J’ignore pourquoi je tenais à éviter qu’il rencontrât mes parents et encore plus que mes parents soient au courant de nos relations. Peut-être avais-je déjà une prémonition des événements qui allaient suivre et que je ressentais le besoin anticipé de me protéger, ou plutôt de protéger mon secret.

« Viens me rendre visite de temps en temps, me lança-il avant de monter dans sa voiture.

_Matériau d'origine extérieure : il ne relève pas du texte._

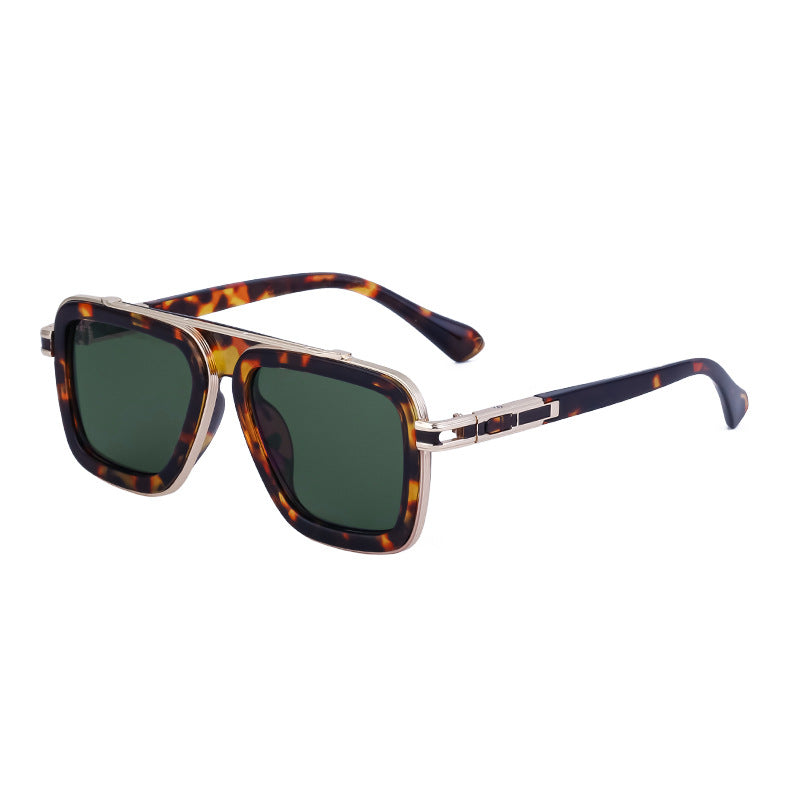 European and American Retro Square Frame Sunglasses for Men, Trendy European and American Punk Style, Internet Celebrity Same Style Sunglasses for Women ins Wind shades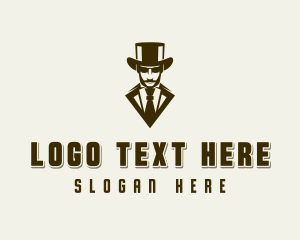 Smoke Pipe - Top Hat Gentleman logo design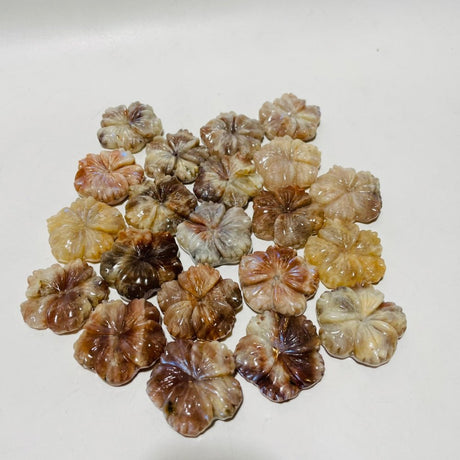 21 Pieces Beautiful Moonstone Mixed Sunstone Flower Carving -Wholesale Crystals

— Je n’y manquerai pas », lui ai-je répondu.

Et j’étais sincère, j’avais déjà la piqûre.

Il attendit que je sois bien rentrée avant de démarrer.

Je suis la fleur des champs,
et je suis le lis des vallées.
 (Cantique des Cantiques 2,1)

Lorsque j’étais enfant, mes parents étaient tellement préoccupés par eux-mêmes, par leur propre vie, par l’œuvre à laquelle ils se consacraient, que je disposais d’une liberté sans limites. Il suffisait que je leur dise que je passais la soirée chez une amie pour qu’ils me laissent sortir sans poser de questions. Bien sûr, ils se jugeaient très libéraux, très avant-gardistes, et ne manquaient pas de fustiger les parents castrateurs.

Mon père était écrivain. Chaque jour, à longueur d’année, il s’enfermait dans son bureau au premier étage. Il écrivait des livres qui m’ont toujours rebutée. Je n’y comprenais rien, tant ils étaient touffus et denses. Au bout de trente lignes de sa prose, je me mettais à bâiller, après deux pages je ronflais ferme. Il semblait pourtant être apprécié par un cercle d’intellectuels aux visages sombres. Ils arrivaient chez nous, l’air très absorbé, et discutaient des nuits entières avec intensité. De ma chambre, j’entendais les éclats de voix et parfois bien davantage. À chacune de leur visite, ils reconstruisaient le monde tout en démolissant leurs confrères couronnés par le succès.